I was in London this week with work and I bought this for something to read.
F^ck me. Don't read it unless you''re in a sound state of mind or you'll be liable to throw yourself out of the nearest window or under a bus. Incredibly well written but so bleak. I've read many 'dark' books but nothing as bleak as this.
The book is set some years after an unnamed catastrophe. Probably 8-10 years. The only clue to the disaster is a memory of the man (never named) where there were several concussions and a glow in the sky and the power went off. It seems he knew what had happened because he fills the bath for water but he never says.
What ever the cause was the effect was that everything dies apart from some surviving humans.

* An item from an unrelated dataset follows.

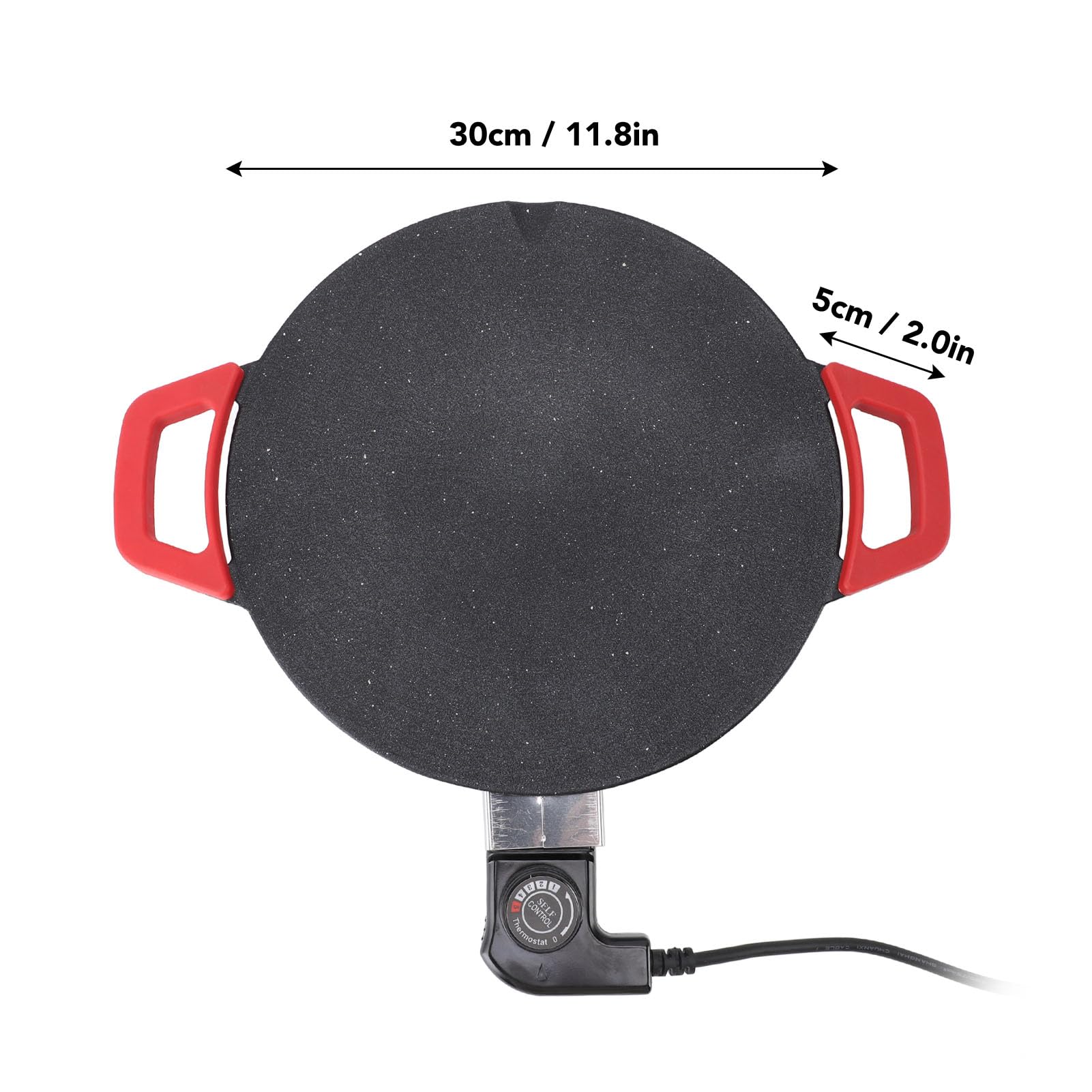 11,8 Zoll Elektrische Grillplatte, Antihaftbeschichtetes, Rauchfreies Elektrisches BBQ-Grill-Backblech mit Einstellbarer Temperaturregelung, Crêpes-Maker für Injera, Lefse,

All plants are dead, all the animals are dead, all the fish are dead, all the insects are dead. the landscape is nothing but dead scrub and ash from the dead trees burning. It's getting colder (nuclear winter?) so the man takes the child south on the road.
The only others on the road are other nomadic humans and roving gangs of cannibals. McCarthy details in gruesomely practical terms how these people survive. There isn't much to the story, it's the man and his boy surviving on the road. It isn't stated in the story but you know in the end everyone will die and the man and the boy's journey is ultimately futile, but that doesn't matter.
It's a book that really sticks in your head. How the apocalypse really would be. Not a flash and a bang Hollywood style but a long drawn out suffering death over decades.
I've not seen the film, and I do want to see it but after reading the book I wouldn't look forward to it, if that makes sense.